YapengTian/TDAN-VSR-CVPR-2020

RuntimeError: CUDNN_STATUS_EXECUTION_FAILED

mehranjeelani opened this issue · 8 comments

I get the following error when I use your trained model to test on vid4 dataset. I was able to compile deformable convolution and have torch version = 0.3.1 and python = 3.6 with cuda = 9.
Kindly help!
Traceback (most recent call last):
File "eval.py", line 117, in
output, _ = model(lr)
File "/data3/conda/envs/mehran/torch031/lib/python3.6/site-packages/torch/nn/modules/module.py", line 357, in call
result = self.forward(*input, **kwargs)
File "/data3/conda/envs/mehran/torch031/lib/python3.6/site-packages/torch/nn/parallel/data_parallel.py", line 73, in forward
outputs = self.parallel_apply(replicas, inputs, kwargs)
File "/data3/conda/envs/mehran/torch031/lib/python3.6/site-packages/torch/nn/parallel/data_parallel.py", line 83, in parallel_apply
return parallel_apply(replicas, inputs, kwargs, self.device_ids[:len(replicas)])
File "/data3/conda/envs/mehran/torch031/lib/python3.6/site-packages/torch/nn/parallel/parallel_apply.py", line 67, in parallel_apply
raise output
File "/data3/conda/envs/mehran/torch031/lib/python3.6/site-packages/torch/nn/parallel/parallel_apply.py", line 42, in _worker
output = module(*input, **kwargs)
File "/data3/conda/envs/mehran/torch031/lib/python3.6/site-packages/torch/nn/modules/module.py", line 357, in call
result = self.forward(*input, **kwargs)
File "/data2/superresolution/video_sr/TDAN-VSR/model.py", line 225, in forward
out = self.relu(self.conv_first(y))
File "/data3/conda/envs/mehran/torch031/lib/python3.6/site-packages/torch/nn/modules/module.py", line 357, in call
result = self.forward(*input, **kwargs)
File "/data3/conda/envs/mehran/torch031/lib/python3.6/site-packages/torch/nn/modules/conv.py", line 282, in forward
self.padding, self.dilation, self.groups)
File "/data3/conda/envs/mehran/torch031/lib/python3.6/site-packages/torch/nn/functional.py", line 90, in conv2d
return f(input, weight, bias)
RuntimeError: CUDNN_STATUS_EXECUTION_FAILED

Did you change any code and run the given test examples? It seems that the issue is from gpu device parallel. Sorry for the very late response.

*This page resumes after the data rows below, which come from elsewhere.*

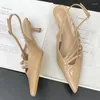 Zapatos de vestir de moda damas de punta puntiagudas de tacones delgados 2024 hebilla de metal mujer femenino gran tamaño calzado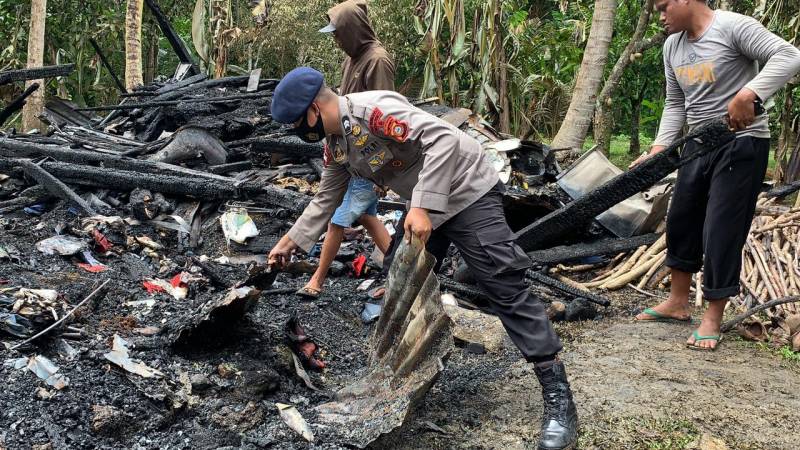 Kebakaran Rumah Warga di Panyula, Ini yang Dilakukan Brimob Bone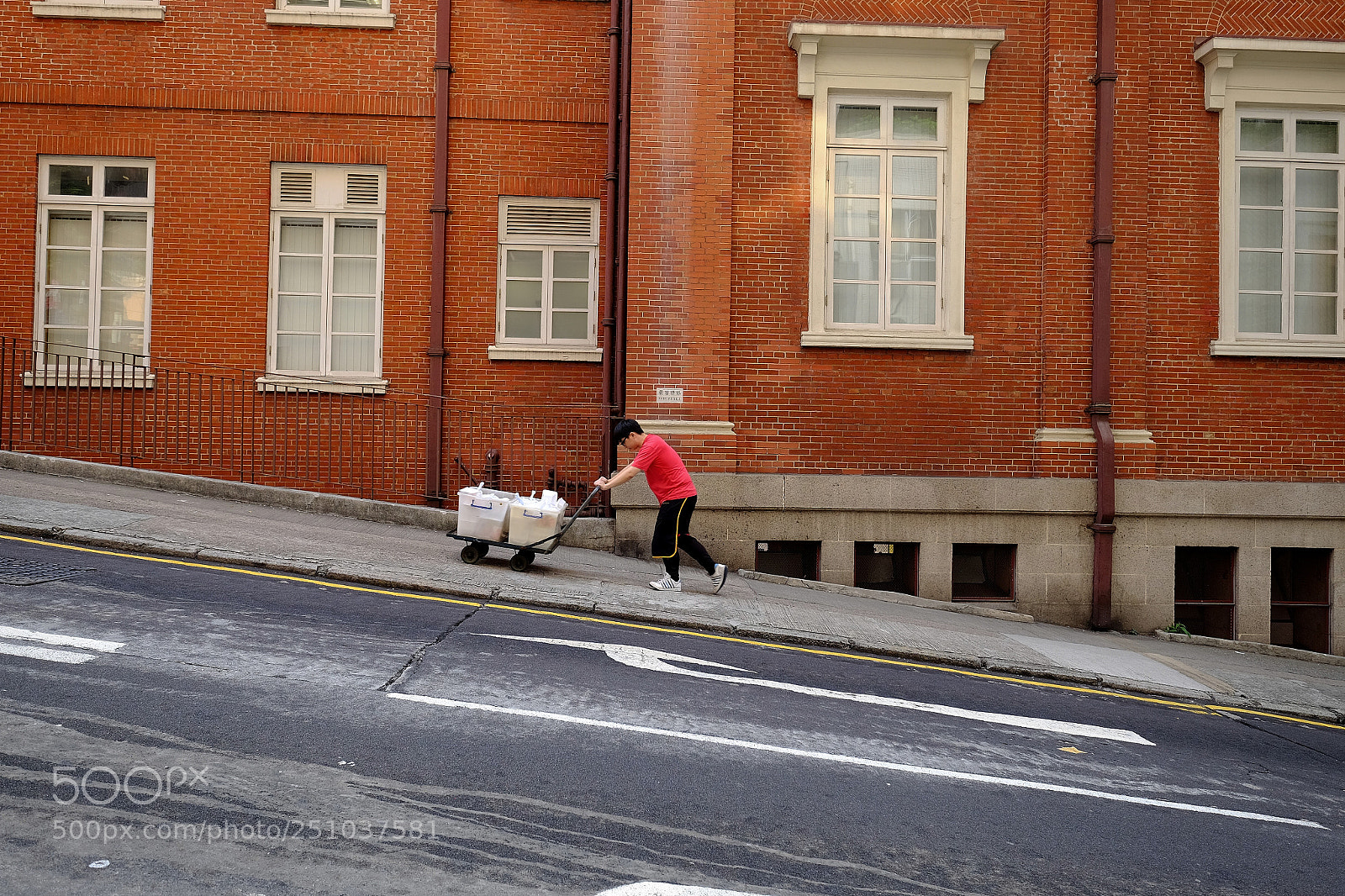 Fujifilm X-T1 sample photo. A hard day's life photography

Yes, I am changing the code a bit. I am actually testing on my custom dataset. My test directory is just the path to the folder containing all the frames, and I am accordingly changing the code.
Here is my python code for eval.py:

import argparse
import sys
import scipy
import os
from PIL import Image
import torch
os.environ["CUDA_VISIBLE_DEVICES"] = "2"
import numpy as np
from skimage import io, transform
from model import ModelFactory
from torch.autograd import Variable
import time
description='Video Super Resolution pytorch implementation'

def forward_x8(lr, forward_function=None):
        def _transform(v, op):
            v = v.float()

            v2np = v.data.cpu().numpy()
            #print(v2np.shape)
            if op == 'v':
                tfnp = v2np[:, :, :, :, ::-1].copy()
            elif op == 'h':
                tfnp = v2np[:, :, :, ::-1, :].copy()
            elif op == 't':
                tfnp = v2np.transpose((0, 1, 2, 4, 3)).copy()
	
            ret = Variable(torch.Tensor(tfnp).cuda())
            #ret = ret.half()

            return ret

        def _transform_back(v, op):
       		
            if op == 'v':
                tfnp = v[:, :, :, ::-1].copy()
            elif op == 'h':
                tfnp = v[:, :, ::-1, :].copy()
            elif op == 't':
                tfnp = v.transpose((0, 1, 3, 2)).copy()
	
            return tfnp

        
        x = [lr]
        for tf in 'v', 'h': x.extend([_transform(_x, tf) for _x in x])
       
        list_r = []
        for k in range(len(x)):
            z = x[k]
            r, _ = forward_function(z)
            r = r.data.cpu().numpy()
            if k % 4 > 1:
                    r =  _transform_back(r, 'h')
            if (k % 4) % 2 == 1:
                    r =  _transform_back(r, 'v')
            list_r.append(r)
        y = np.sum(list_r,  axis=0)/4.0
       
        y = Variable(torch.Tensor(y).cuda())
        if len(y) == 1: y = y[0]
        return y
def quantize(img, rgb_range):
    return img.mul(255 / rgb_range).clamp(0, 255).round()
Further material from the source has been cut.